What is being asked: The reply should contain all the data below, repeated exactly, and none of the images.

[Exercise data Boundary: Start]

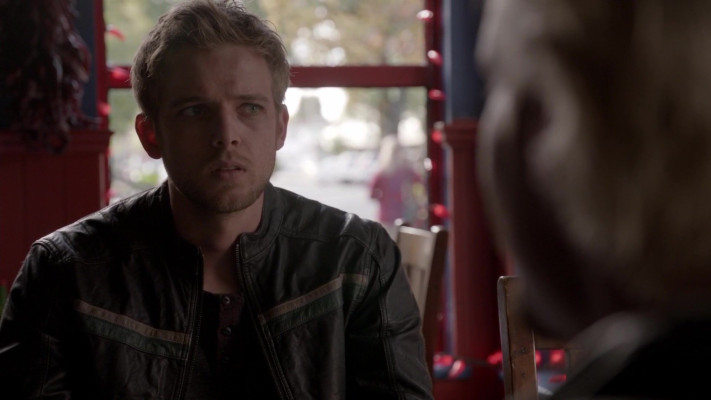photo 4 in Max Thieriot gallery [id1245777] 2021-01-18 00:00:00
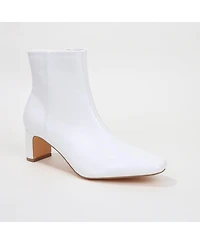 Berness Women's Minimalist Ankle Boots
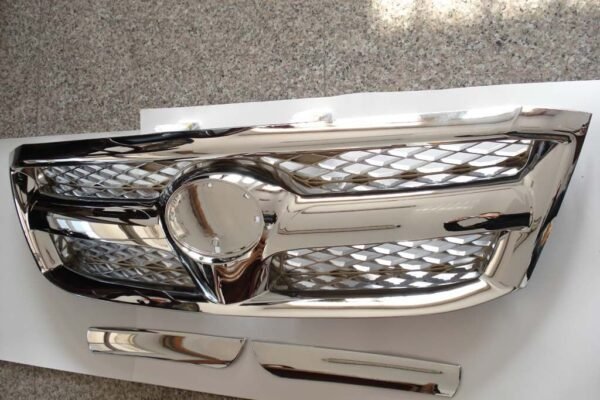 Toyota Hilux Vigo 2005 OEM Grille - Image 2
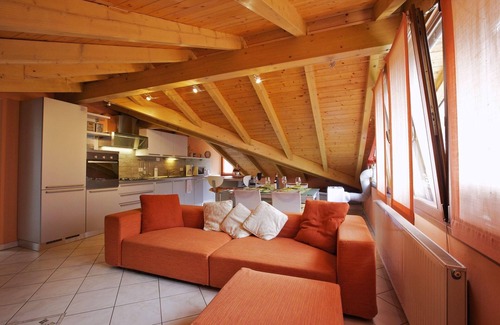 Cannobio Apartment | Inviting 3-Room Attic Apartment with Garden & Scenic Views
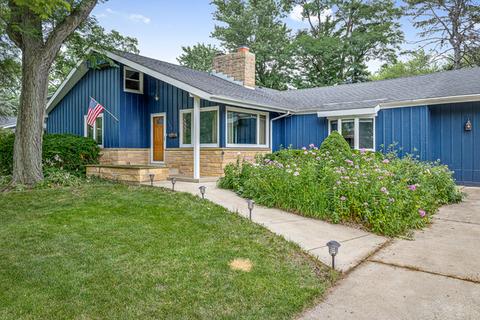 303 Clinton Ct, Wheaton, IL 60187 photo 3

[Exercise data Boundary: End]

Solved exercise:
photo 4 in Max Thieriot gallery [id1245777] 2021-01-18 00:00:00
 Berness Women's Minimalist Ankle Boots
 Toyota Hilux Vigo 2005 OEM Grille - Image 2
 Cannobio Apartment | Inviting 3-Room Attic Apartment with Garden & Scenic Views
 303 Clinton Ct, Wheaton, IL 60187 photo 3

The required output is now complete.